La determinación de las infracciones del Ordenamiento jurídico que acarrean la invalidez del acto administrativo es imposible. Por ello, nuestra legislación prevé unas fórmulas generales: la nulidad o la anulabilidad, además de la ya mencionada irregularidad simple. Al contrario de lo que ocurre en el Derecho privado, en el que la diferencia entre la nulidad y la anulabilidad se encuentra sobre todo en la posibilidad de convalidación de los actos o negocios jurídicos viciados, en Derecho administrativo nulidad y anulabilidad son dos categorías fundamentalmente diferenciadas en lo que se refiere al control de los actos administrativos no válidos.

En efecto, la declaración de nulidad de pleno derecho de un acto administrativo puede conseguirse a través de la llamada “acción de nulidad” (art. 102 LAP) que cabe ejercitar sin límite de tiempo.

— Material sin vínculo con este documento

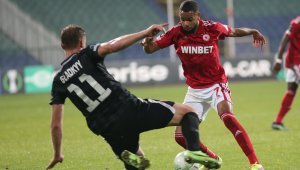 Зоря - ЦСКА ще се играе без фенове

Sin embargo, un acto anulable, o sea, en principio inválido, que no se impugna en el tiempo y forma previstos en la ley, se convierte en un acto firme, por  “consentido”, y, en consecuencia, jurídicamente válido.

Para saber cuando nos encontramos ante un supuesto de nulidad de pleno derecho o radical, de anulabilidad o de irregularidad simple, es preciso hacer una distinción clave y no fácil, según sea el tipo de infracción del Ordenamiento jurídico.

La regla general, en Derecho administrativo, es que los actos de la Administración contrarios al Ordenamiento jurídico son anulables. Pero, en supuestos excepcionales y expresamente previstos por la Ley, la infracción de las leyes provoca la nulidad radical o de pleno derecho de los actos administrativos.

Los supuestos de nulidad radical o de pleno derecho se encuentran enunciados en la legislación básica del Estado (art. 62 de la Ley 30/1992, de 26 de noviembre -LAP en lo sucesivo-).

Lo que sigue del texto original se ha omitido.